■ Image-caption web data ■

+++++

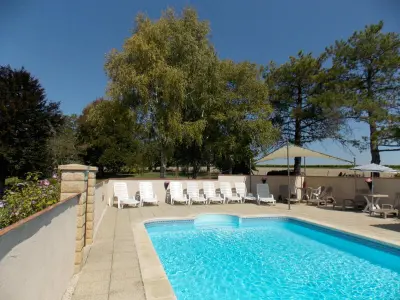 Gite à Angeduc,Gîte spacieux avec piscine chauffée, jardin, WIFI et animaux admis FR-1-653-273 N°1039417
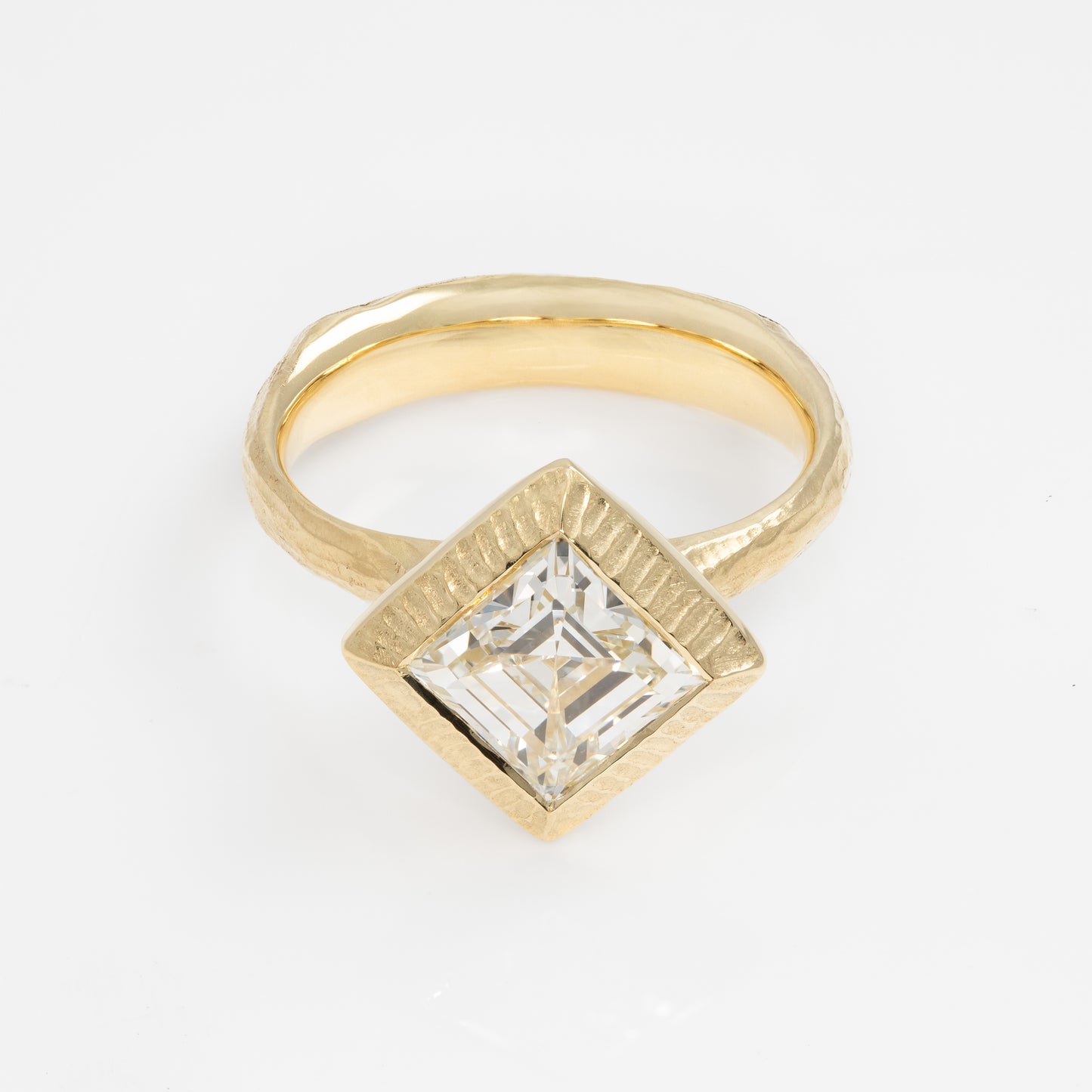 Gold ring with a square-cut diamond on a white background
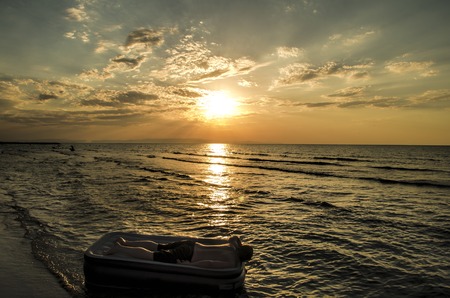 Silhouette of a man on an inflatable mattress swimming in the water of Caspian Sea at sunset time. Summertime in Azerbaijan, Absheron, Bakuの写真素材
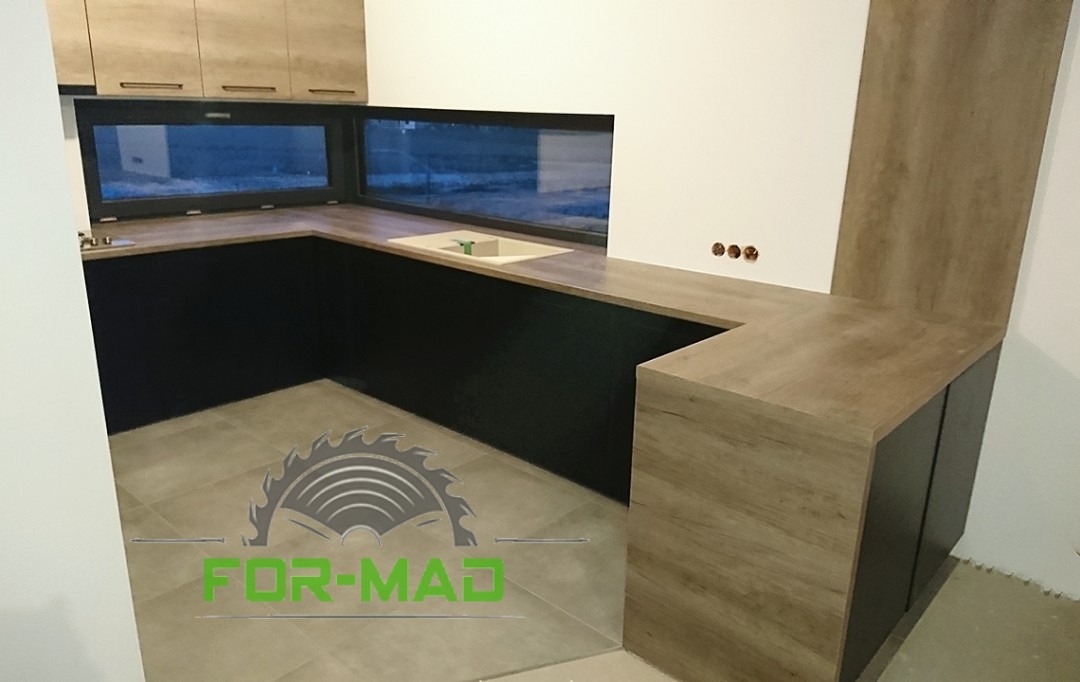 Nowoczesna kuchnia z blatem w kolorze drewna i czarnymi szafkami, szerokie okno nad blatem, widoczny logo firmy na podłodze, niedokończone wykończenie podłogi.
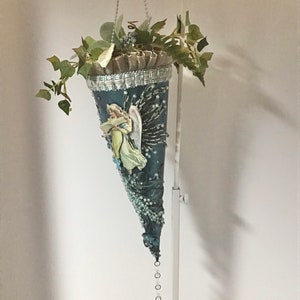 May include: A blue and white cone-shaped ornament with a beaded trim and a crystal pendant. The ornament features a vintage image of an angel with wings and a book. The ornament is decorated with greenery and is hanging from a white stand.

+++++

■ ACTIVITY ■
Every entry must be retyped exactly, with the pictures removed.

■ PROBLEM SOLUTION ■
 Gite à Angeduc,Gîte spacieux avec piscine chauffée, jardin, WIFI et animaux admis FR-1-653-273 N°1039417
 Gold ring with a square-cut diamond on a white background
 Silhouette of a man on an inflatable mattress swimming in the water of Caspian Sea at sunset time. Summertime in Azerbaijan, Absheron, Bakuの写真素材
 Nowoczesna kuchnia z blatem w kolorze drewna i czarnymi szafkami, szerokie okno nad blatem, widoczny logo firmy na podłodze, niedokończone wykończenie podłogi.
 May include: A blue and white cone-shaped ornament with a beaded trim and a crystal pendant. The ornament features a vintage image of an angel with wings and a book. The ornament is decorated with greenery and is hanging from a white stand.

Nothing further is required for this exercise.